Would you believe via a mix of Tekken & Virtua Fighter, with a dash of Battle Arena Toshinden?
Warpath: Jurassic Park has a line-up of 14 dinosaurs, utilizing a nice variety of bipedal & qudaripedal dinos, each of which is given a shortened name during gameplay:
-Tyrannosaurs Rex (T-Rex)
While the game uses the Jurassic Park license, there isn't any story to be found to explain why these dinos are fighting each other. At the same time, however, it's dinosaurs fighting each other... Does there need to be a reason? Still, the game has more than enough call backs to the movie franchise, specifically the first two movies (as those were the only ones made at this point). Each dino has its own stage, with a good number of them being based on actual locations from the films. The T-Rex has the freighter that transported it to San Diego from Lost World, the Raptor has the pens its kind was housed in from the original, the Giga has the fence-side where the T-Rex broke free, & the Acro has the 76 gas station from Lost World, among other notable locations. Naturally, the dinos all have different cries, including the iconic roars that the T-Rex & Raptor were given. Each dino also has a quick intro for their respective stages, which are cool, but they only work for the specific dino for each specific stage; otherwise, the match starts right away. On the nitpick side, there's the fact that scale is obviously not a factor here. Every dino is portrayed as roughly the same height & overall size, even though a T-Rex should be way, way larger than something like a Raptor; this was done to maintain a sense of balance & fairness, obviously. From a fanservice perspective, Warpath nails everything (nearly) perfectly.

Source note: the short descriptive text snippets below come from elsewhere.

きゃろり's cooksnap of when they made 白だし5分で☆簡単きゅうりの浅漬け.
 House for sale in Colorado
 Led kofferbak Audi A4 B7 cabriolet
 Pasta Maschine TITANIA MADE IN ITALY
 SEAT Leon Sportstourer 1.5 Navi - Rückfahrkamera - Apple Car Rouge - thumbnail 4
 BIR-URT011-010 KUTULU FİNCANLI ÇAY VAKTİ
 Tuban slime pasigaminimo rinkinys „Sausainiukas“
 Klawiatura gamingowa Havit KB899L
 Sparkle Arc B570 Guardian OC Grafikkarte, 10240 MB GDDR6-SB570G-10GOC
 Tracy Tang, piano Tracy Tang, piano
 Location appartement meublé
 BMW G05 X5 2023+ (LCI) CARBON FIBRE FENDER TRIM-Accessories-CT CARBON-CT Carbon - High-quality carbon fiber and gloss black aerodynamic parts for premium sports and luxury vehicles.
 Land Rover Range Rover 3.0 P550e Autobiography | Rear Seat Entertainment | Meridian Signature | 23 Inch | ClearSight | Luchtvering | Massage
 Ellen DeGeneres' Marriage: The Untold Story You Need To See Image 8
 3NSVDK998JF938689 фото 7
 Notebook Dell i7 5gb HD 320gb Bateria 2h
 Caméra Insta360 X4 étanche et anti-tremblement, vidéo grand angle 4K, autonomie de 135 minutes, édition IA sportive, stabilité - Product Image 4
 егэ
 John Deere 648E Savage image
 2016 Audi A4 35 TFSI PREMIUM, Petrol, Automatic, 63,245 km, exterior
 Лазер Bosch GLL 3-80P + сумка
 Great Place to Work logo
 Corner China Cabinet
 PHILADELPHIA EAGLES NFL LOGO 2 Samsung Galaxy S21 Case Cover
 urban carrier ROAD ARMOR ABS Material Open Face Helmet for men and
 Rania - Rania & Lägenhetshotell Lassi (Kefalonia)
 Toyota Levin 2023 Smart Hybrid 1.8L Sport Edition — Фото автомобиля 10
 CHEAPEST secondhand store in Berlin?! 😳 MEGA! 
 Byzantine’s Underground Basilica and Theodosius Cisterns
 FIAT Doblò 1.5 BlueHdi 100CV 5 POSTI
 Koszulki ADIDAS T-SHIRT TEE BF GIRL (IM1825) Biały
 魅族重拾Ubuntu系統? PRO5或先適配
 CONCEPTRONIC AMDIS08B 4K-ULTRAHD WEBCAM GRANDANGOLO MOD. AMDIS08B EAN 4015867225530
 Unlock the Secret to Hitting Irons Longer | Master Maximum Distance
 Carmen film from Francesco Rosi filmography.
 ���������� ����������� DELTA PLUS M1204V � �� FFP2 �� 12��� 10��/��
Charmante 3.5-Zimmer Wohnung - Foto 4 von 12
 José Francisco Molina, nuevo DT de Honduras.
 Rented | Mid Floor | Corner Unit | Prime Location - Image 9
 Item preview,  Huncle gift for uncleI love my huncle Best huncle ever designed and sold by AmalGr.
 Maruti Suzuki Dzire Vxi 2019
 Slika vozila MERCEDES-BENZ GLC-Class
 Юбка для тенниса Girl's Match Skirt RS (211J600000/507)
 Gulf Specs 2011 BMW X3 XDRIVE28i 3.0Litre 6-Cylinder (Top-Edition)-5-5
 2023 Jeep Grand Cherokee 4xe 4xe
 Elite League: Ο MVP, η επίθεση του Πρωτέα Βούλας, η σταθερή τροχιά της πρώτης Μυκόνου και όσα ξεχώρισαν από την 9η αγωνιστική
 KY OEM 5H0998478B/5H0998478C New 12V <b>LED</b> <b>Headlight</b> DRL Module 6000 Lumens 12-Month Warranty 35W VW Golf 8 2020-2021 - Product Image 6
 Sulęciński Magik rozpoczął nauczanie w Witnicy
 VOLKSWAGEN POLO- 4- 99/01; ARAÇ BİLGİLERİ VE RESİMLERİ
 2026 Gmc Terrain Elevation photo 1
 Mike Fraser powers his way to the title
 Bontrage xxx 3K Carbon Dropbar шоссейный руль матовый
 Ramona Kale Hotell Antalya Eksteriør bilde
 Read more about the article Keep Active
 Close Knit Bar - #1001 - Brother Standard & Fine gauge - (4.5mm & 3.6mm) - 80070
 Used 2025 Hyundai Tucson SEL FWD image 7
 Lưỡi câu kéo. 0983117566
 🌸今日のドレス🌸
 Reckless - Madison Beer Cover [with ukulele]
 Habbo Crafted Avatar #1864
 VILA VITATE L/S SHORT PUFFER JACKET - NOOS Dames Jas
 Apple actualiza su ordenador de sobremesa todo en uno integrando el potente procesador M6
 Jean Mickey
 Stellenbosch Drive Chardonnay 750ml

|Flipping a dino never gets old.|
That being said, fanservice can only go so far, so how does the actual fighting work out? Well, as brought up earlier, it's a surprising mix of notable 3D fighters. Control-wise, the four face buttons (X, O, Square, & Triangle) are mapped to four attack buttons, split between pairs of "Main Attack" & "2nd Attack", with light & heavy variants for each. The naming of these attack buttons makes sense, as it would be silly to call them "Punch" & "Kick", seeing that most of the dinos don't actually rely on such traditional fighting attacks. For example, the T-Rex doesn't use its puny arms, but rather uses its powerful jaws & large tail, so its pairs of attacks are based around those. Holding R1 blocks & pressing R2 taunts (which has actual uses that I'll get to), while L1 & L2 are used to sidestep, Toshinden-style. Each dino also has two throws, done by pressing X+Square or O+Triangle, while Square+Triangle does a launcher attack, which can launch an opponent into the air; follow that up with X+O to whack it in mid-air. X+O on it's own is also used to pounce on a downed opponent, where one can mash buttons to keep pouncing for up to 11 times for extra damage, while the opponent mashes to break free. Add to that a small handful of special attacks for each dino, done with quarter-circle motions & the like, and even pre-set combo chains, and this dino fighter is surprisingly more robust than you'd first think.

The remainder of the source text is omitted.